### Task description:
Transcribe the listing that follows in full, omitting pictures.

### Material provided:
_ _ _ _ _
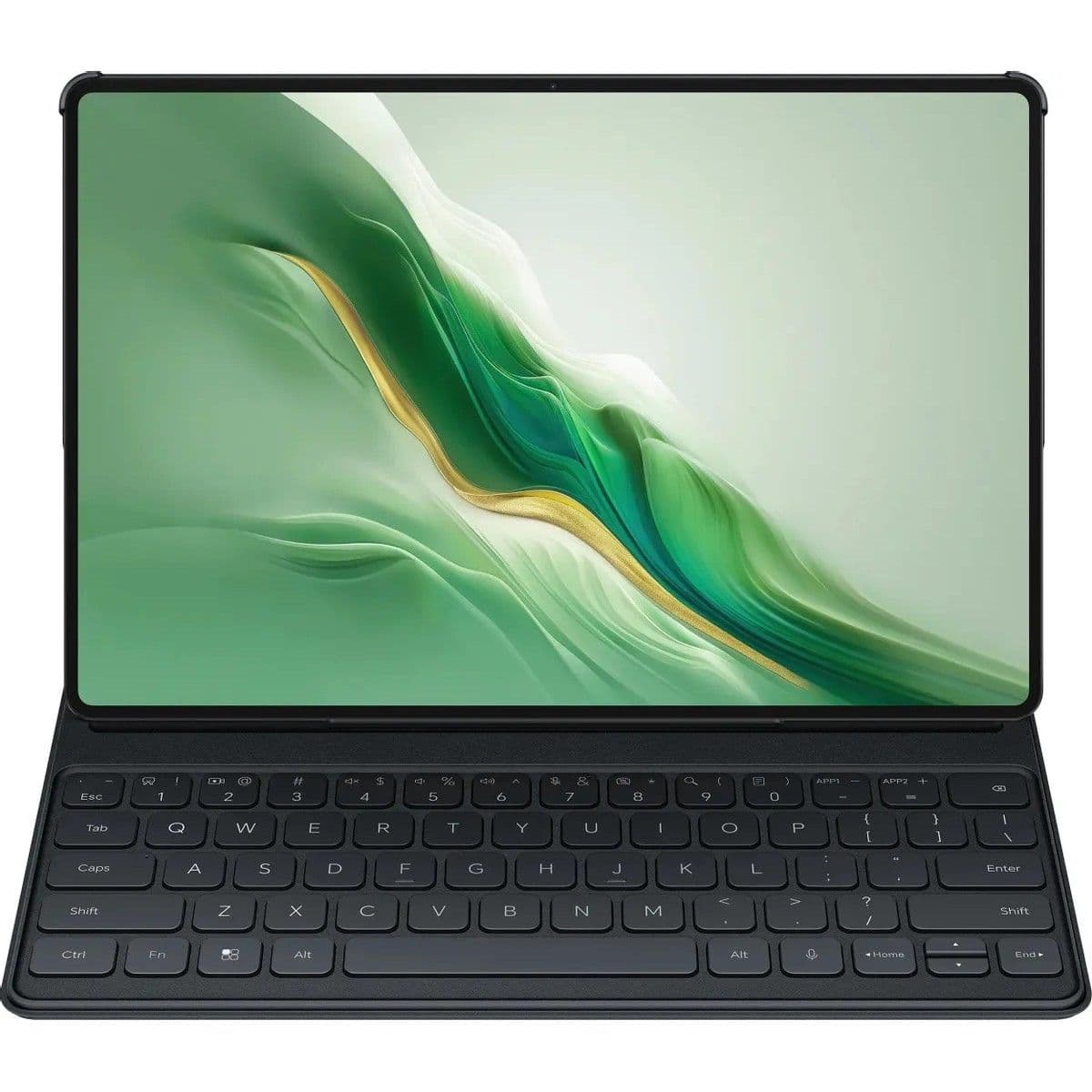 Планшет 12.3'' MagicPad 2 + KBD, 12+256 ГБ, чёрный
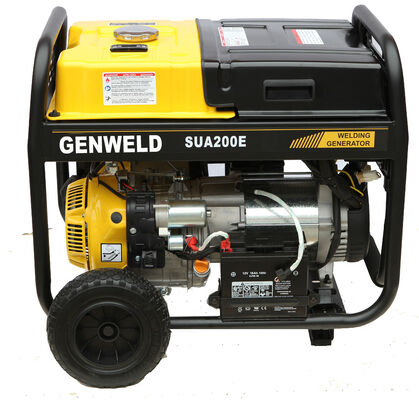 kaufen Professionelle tragbare Wechselstrom-Bogenschweißmaschine 3,8 kW / Einphasenleistung online manufacture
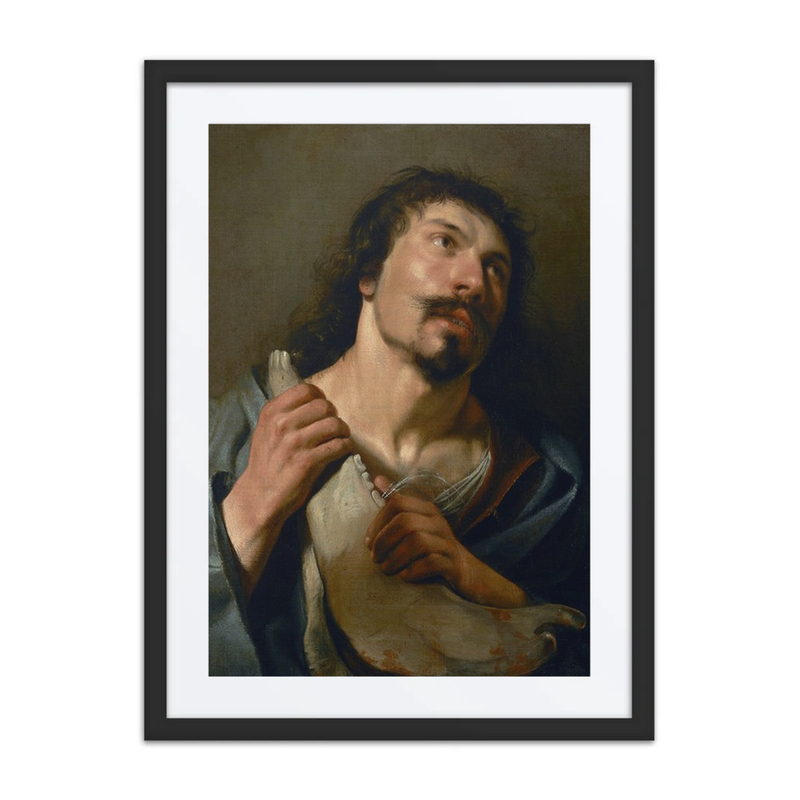 Saint Sebastian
_ _ _ _ _
### Result of the task:
 Планшет 12.3'' MagicPad 2 + KBD, 12+256 ГБ, чёрный
 kaufen Professionelle tragbare Wechselstrom-Bogenschweißmaschine 3,8 kW / Einphasenleistung online manufacture
 Saint Sebastian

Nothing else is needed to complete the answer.